MOJE BŁĘDY I DORASTANIE EMETA
Emet niedawno skończył umownie 3 lata (bardzo dziękujemy za wszystkie życzenia!). Czy to dużo? Myślę,że nie dlatego, że zaczął dorastać w wieku około dwóch lat. Mam na myśli to, że wtedy jego zachowanie zaczęło się zmieniać. Niektóre problemy odeszły (jak podgryzanie czy skakanie), ale za to pojawiły się zupełnie nowe (jak lęk na różne dźwięki). Jak na dużego psa wiek jego dorastania można przyjąć za prawidłowy. Wiadomo, że im dalej tym rozwiązanie długotrwałych problemów jest cięższe do wyeliminowania.
U nas tym problemem zawsze była nadmierna ekscytacja (właściwie wszystkim), ale głównie chodziło o psy i wszelkie poruszające się obiekty. Jako początkująca właścicielka psa nie miałam w głowie takich pojęć jak ,,skupienie psa na przewodniku'' czy ,,nauka ignorowania otoczenia''. Oczywiście, dużo rozmawiałam i czytałam na ten temat, Emet od początku uczony był przywołania czy podstawowych komend ale też od początku miał skłonności do ucieczek. Wtedy nie pomyślałam, że może być coś takiego jak zapięcie psa na długą linkę. A wtedy byłoby to o wiele łatwiejsze i w przypadku szczeniaka pewnie przyniosłoby szybkie i skuteczne efekty. Teraz to linka nie jest dla Emeta żadnym ograniczeniem. Mogłabym tu pisać dalej o błędach jakie popełnianiam (a raczej o rzeczach, których nie robiłam). Dlatego zawsze powtarzam, jak ten pies wiele mnie nauczy. Na pewno przy kolejnym szczeniaku od początku zajęłabym się wszystkimi podstawami (jak skupienie, balans pomiędzy jedzeniem a zabawą, wymiana zabawek i wiele innych przydatnych rzeczy, które pokazują psu, że to człowiek jest dla niego najlepszą rzeczą na świecie i wcale nie mam tu na myśli tylko obedience, ponieważ moim zdaniem fundamenty warto jest przerobić z każdym psem). Mogłabym się dalej nad tym rozwodzić, ale nie o to chodzi żeby oglądać się za siebie, bo psy żyją chwilą. Musiałam dogłębnie przemyśleć nasz problem i znaleźć sposób na jego rozwiązanie.

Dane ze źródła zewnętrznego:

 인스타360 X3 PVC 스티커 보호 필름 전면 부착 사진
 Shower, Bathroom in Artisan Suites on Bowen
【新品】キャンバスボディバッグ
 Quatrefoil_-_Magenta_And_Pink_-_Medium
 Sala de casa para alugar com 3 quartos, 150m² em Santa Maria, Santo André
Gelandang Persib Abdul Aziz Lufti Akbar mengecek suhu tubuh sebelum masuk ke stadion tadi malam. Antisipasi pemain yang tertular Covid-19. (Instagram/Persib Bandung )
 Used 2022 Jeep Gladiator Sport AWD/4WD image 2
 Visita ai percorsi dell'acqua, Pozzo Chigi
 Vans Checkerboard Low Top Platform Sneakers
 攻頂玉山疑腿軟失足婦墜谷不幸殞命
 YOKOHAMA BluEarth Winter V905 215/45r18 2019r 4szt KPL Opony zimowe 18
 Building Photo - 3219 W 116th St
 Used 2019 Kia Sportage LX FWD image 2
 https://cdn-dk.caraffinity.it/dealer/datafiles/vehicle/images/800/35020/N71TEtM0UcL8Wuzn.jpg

KOLEJNE PROBLEMY I ICH ROZWIĄZANIE
Na początku problem, który teraz wydaje mi się tak bardzo prosty do rozwiązania w przypadku szczeniaka. A tutaj musiałam poradzić sobie z 45kg psem. Chodziło o wyrywanie się na smyczy do psów i innych poruszających się obiektów. Poradziliśmy sobie dość szybko (około miesiąc), było to mniej więcej w zeszłe wakacje czyli kiedy Emet miał niecałe 2 lata. Wcześniej mieszkaliśmy poza miastem (spacery tylko po lesie lub pustych drogach), nie wyjeżdżaliśmy dużo, jak już  to na wieś więc ten problem zaczął rzucać mi się w oczy dopiero po przeprowadzce kiedy musialiśmy mijać się blisko z innymi psami. Problem został opanowany przez wydawanie prostych komend przy innych psach, zaczynając od dużych odległości. Jednak zawsze musiała być wydana komenda, czasami ze wspomaganiem reką lub smakołykiem. Dla mnie to już była duża ulga.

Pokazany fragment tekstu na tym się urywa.